Oh, thank Gods! Raht answered!

In rapid military Voltarian, I said, "Listen and get this straight. Put a message through to the base. Order Captain Stabb to take off in the tug and pick me up quick!" Hope was surging in me. That flat space back there might serve as a landing place. Stabb could whisk me to the depths of Africa or someplace safer than here.

Raht said, "Got the message. But where are you?"

"I think I'm on the southeast end of the Greek island of Chios."

"You think" said Raht. "If a spaceship is going to pick you up, you better be sure where you are and right down to a pinpoint. They're not going to wander all over the place trying to locate you. They'd have to kill any inhabitants they ran into if they made a mistake. You're risking a Code break."

"Look," I said, "I have not got much time. They are running a race with dawn. Pinpoint me with that radio."

"It's not that accurate at such ranges. Tell you what. I'm not at the office but I'll rush over there. I can put your carrier beam on the grid analyzer if you transmit to it. Hold on. I'll get right over there." He clicked off.

"What language were you speaking?" said Madison. "It didn't sound like any lingo I ever heard."

I masked the flashlight and looked at him. He knew too much already.

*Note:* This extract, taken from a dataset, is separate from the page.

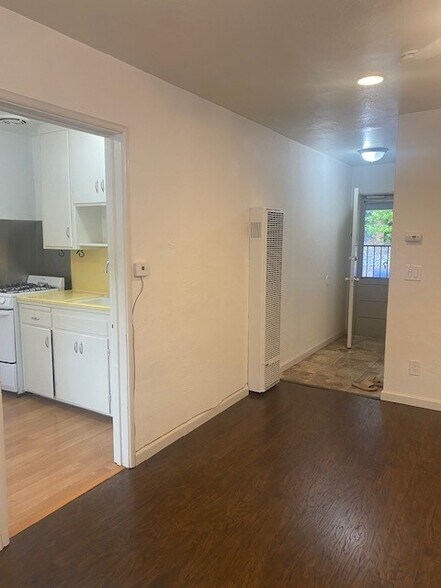 View of front door/heater - 352 W Main St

If the Countess Krak ever got her hands on him, I was dead for sure!

Before I could stop him, Madison took the flash­light and began to paw around in the mound of papers I had spilled out of the sack to get my radio. "Well, look at all the passports!" he said. "Inkswitch, Federal Investigator; Achmed Ben Nutti, United Arab League; Sultan Bey... I don't see any here for Smith." He looked up. "What is your real name, anyway?" He looked back at the papers. "And what's this writing?" I had used a blank Apparatus gate pass to scribble amounts of money on: the printing was three-dimensional, of course, and it plainly said, Coordinated Information Apparatus, Voltar Confederacy. It even had the logo the Fleet called the "drunks." "Three-dimensional printing?" he said. "That's out of this world, man."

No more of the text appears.